We’ve been digging into more of the results from our Marketplace-Edison Research Poll.
We surveyed 1,000 people, and then took a look at who was the most anxious – the people who scored highest on the Marketplace Economic Anxiety Index.
In our survey we asked people questions like, are you afraid you’ll lose your job? How much do you fear not having enough money for retirement, or not being able to afford college for your children? Then the big picture question – how often are you anxious about your financial situation?
If you look at the most anxious people in our poll – the top 100 in our Marketplace Economic Anxiety Index – they have a lot in common, said Larry Rosin, president of Edison Research. A majority are 35- to 54-year-olds.
“Thirty-five to 54 is when people often have children that they’re providing for,” said Rosin.
Sometimes they’re also supporting their parents.
“And they have this looming cliff of impending retirement sort of out there,” Rosin added.
No wonder they’re anxious.
Take 53-year-old Ira Baron. He took our survey. And while he isn’t in the top 100, he’s facing many of those challenges.
He lives near Annapolis, Maryland, with his wife, Sharon Simon, and two kids. He agreed to sit down and chat about his answers to our poll.
We head into his cozy family room, and sit down in front of a crackling fire. Ira talks about what it’s like to be in the most worried group of our poll respondents — the 35 to 54-year- olds. He says it’s as if he’s on a plane with his family. Behind him are clear skies. But he’s looking out the window now, “and recognizing, for the first time, that there’s, sort of a cloudy ceiling.” he said. “I can’t see the sun right now.”
Ira’s got a good job. He’s a senior IT executive. He doesn’t have to worry about his parents or Sharon’s.
But he does have children to provide for: a 12-year-old son and 15-year-old daughter, who’s just starting to think about where she wants to go to college.
“I don’t know what college is going to be like,” Ira said. “I don’t know what it’s going to cost. So, it’s cloudy. I can’t see through it.”
Then there’s retirement.
“I don’t know what retirement looks like because I haven’t really thought about it yet,” he said. “So it’s cloudy.”
So it’s a double layer of clouds, because like many of our 35- to 54-year-olds, Ira is having to plan for college tuition and retirement at the same time. His wife, Sharon walks in.
“We don’t have a breather in between the two,” she said. “They’re smack dab on top of each other.”
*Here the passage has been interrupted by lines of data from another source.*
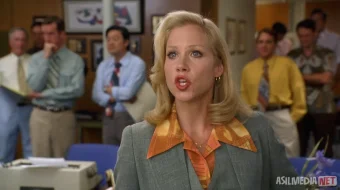 Teleboshlovchi Ron Burgundi haqida afsona 2004 Uzbek tilida O'zbekcha tarjima kino Full HD tas-ix skachat skrinshot 4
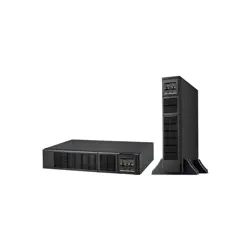 orvaldi-vr6k-on-line-2u-lcd-uninterruptible-power-supply-pow-12273-wlononwcrdzg6.webp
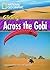 Gliding Across the Gobi (Footprint Reading Library)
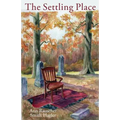 The Settling Place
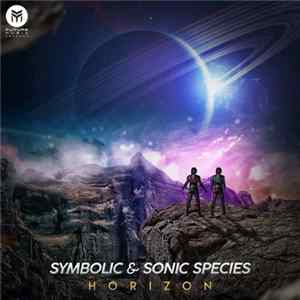 Download Symbolic & Sonic Species - Horizon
Ira wants to be able to pay for at least part of his kids’ college tuition. But, back to our plane analogy, he has to put his oxygen mask on first; Ira won’t use his retirement for tuition,which, for two kids, can be more expensive than buying a house.
And speaking of housing, Ira said they weren’t hit by the housing crisis. But it did get his attention.
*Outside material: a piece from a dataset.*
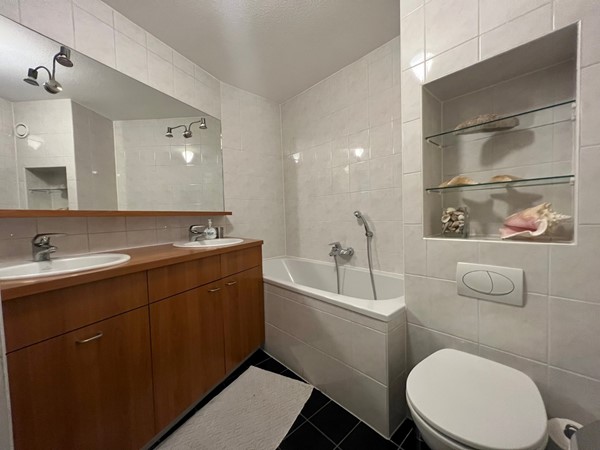Medium property photo - Barmsijs 10, 3435 BN Nieuwegein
“While it was a foregone conclusion to me before that you buy a decent house in a nice neighborhood and you’re going to get out ahead, there’s no longer that guarantee, so part of our economic projection I see being at risk in ways that I had not before the recession,” he said.
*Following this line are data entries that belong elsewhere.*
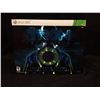 Image 1 : DISNEY'S TRON EVOLUTION COLLECTOR'S EDITION FOR XBOX 360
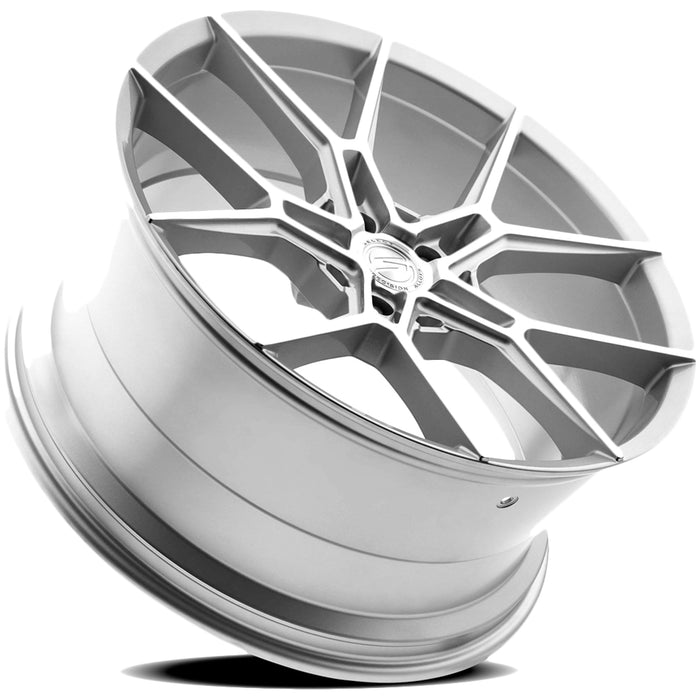 Select Precision S102 Alpine S102209021P2009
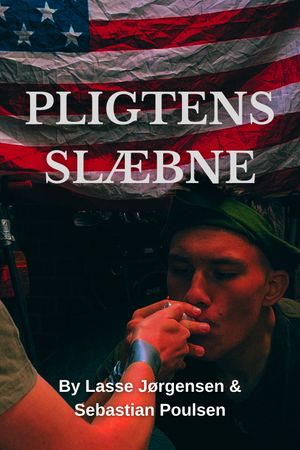 Pligtens Skæbne's poster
Ira said they were hit hard by the stock market crash. And he’s still trying to repair the damage to his retirement account.
But here’s the thing: He’s not paralyzed with worry. As I’m leaving, he and Sharon actually thank me for making them think about all these things.
And Ira said he will eventually see the sun out of the plane window again.
“It’s that cloud cover we have to get through, right?” he said. “Once we’re out I think we’ll be fine. All of us.”
Ira said it’s actually a luxury to be able to plan, to have money to set aside, for a future without turbulence.